Getting Labels in a Tensorflow Image Classification


I am doing image classification by following this TensorFlow tutorial and loading my own dataset from Gdrive. Now I want to plot the confusion matrix. First, I predicted labels for the validation dataset:

val_preds = model.predict(val_ds)

but I am not sure how to get original labels to compare the prediction to them.
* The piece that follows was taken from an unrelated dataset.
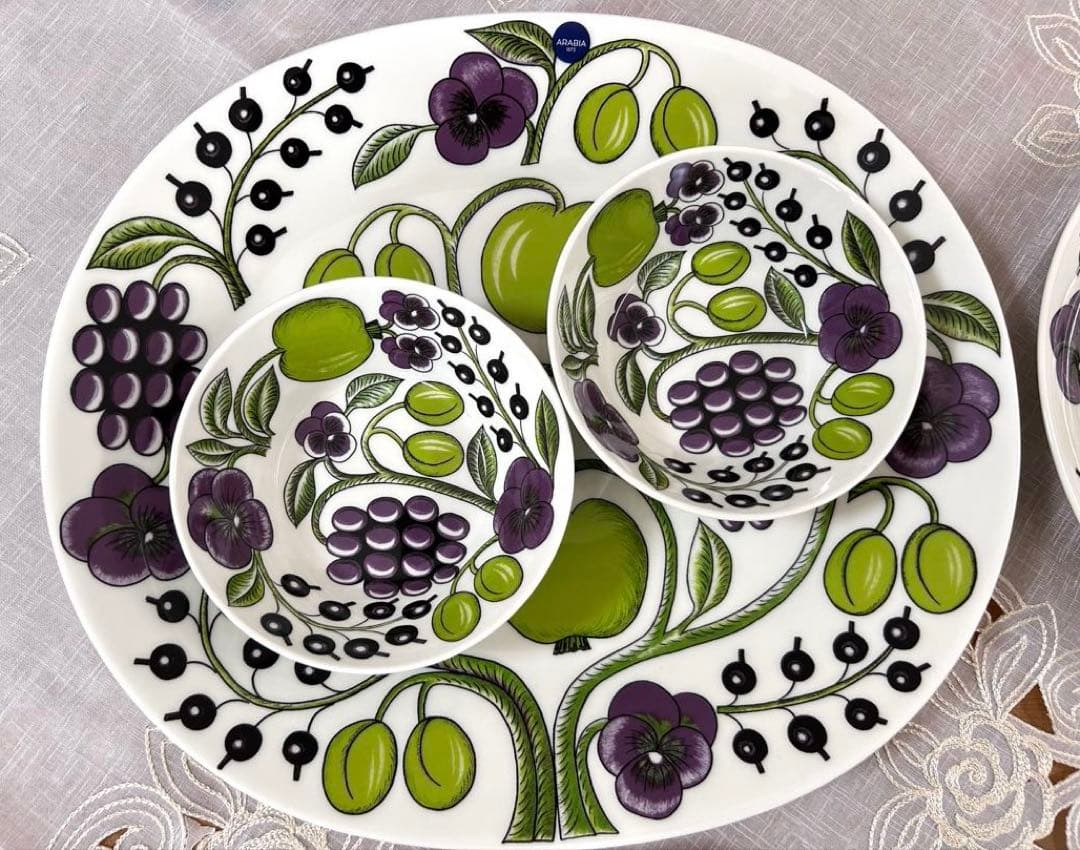 パラティッシ　オーバル　プレート　セット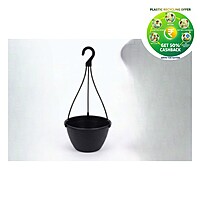 Little Cosco Pot with stick | 7.75 Inch Plastic Planter | Indoor & Balcony Planter|black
I have tried different methods but I got very low accuracy so I know labels are not what they should be.

val_ds_labels = np.concatenate([y for x, y in val_ds], axis=0)

This gives me an accuracy of 0.067 while the below gives me an accuracy of around .70.

epochs = 10
history=model.fit(train_ds, epochs=epochs, validation_data=val_ds)

Here is how I created the validation and training dataset:

train_ds = tf.keras.preprocessing.image_dataset_from_directory(
    "images",
    validation_split=0.2,
    subset="training",
    seed=123,
    image_size=image_size,
    batch_size=batch_size,
    label_mode='int'
)
val_ds = tf.keras.preprocessing.image_dataset_from_directory(
    "images",
    validation_split=0.2,
    subset="validation",
    seed=123,
    image_size=image_size,
    batch_size=batch_size,
    label_mode='int'
)
train_ds = train_ds.prefetch(buffer_size=32)
val_ds = val_ds.prefetch(buffer_size=32)

Then created the model and compile it:

model.compile(
    optimizer=keras.optimizers.Adam(),
    loss=keras.losses.SparseCategoricalCrossentropy(from_logits=True),
    metrics=[keras.metrics.SparseTopKCategoricalAccuracy(k=1)],
)

and fit

epochs = 10
history=model.fit(train_ds, epochs=epochs, validation_data=val_ds)

I have 22 labels.

val_preds = model.predict(val_ds)

Solution

  • After training, get the true labels of the validation set as follows:

    epochs=5
    history = model.fit(
      train_ds,
      validation_data=val_ds,
      epochs=epochs
    )
    
    ....
    ....
    Epoch 4/5
    20ms/step - loss: 0.6368 - accuracy: 0.7613 - val_loss: 0.9294 - val_accuracy: 0.6185
    Epoch 5/5
    20ms/step - loss: 0.4307 - accuracy: 0.8531 - val_loss: 0.9552 - val_accuracy: 0.6635
    
    # get the labels 
    predictions = np.array([])
    labels =  np.array([])
    
    for x, y in val_ds:
      predictions = np.concatenate([predictions, np.argmax(model.predict(x), axis=-1)])
      labels = np.concatenate([labels, y.numpy()])
    
    predictions[:10]
    array([0., 4., 3., 0., 3., 4., 2., 4., 4., 0.])
    
    labels[:10]
    array([0., 4., 3., 0., 3., 4., 1., 2., 4., 0.])
    
    m = tf.keras.metrics.Accuracy()
    m(labels, predictions).numpy()
    # 0.66348773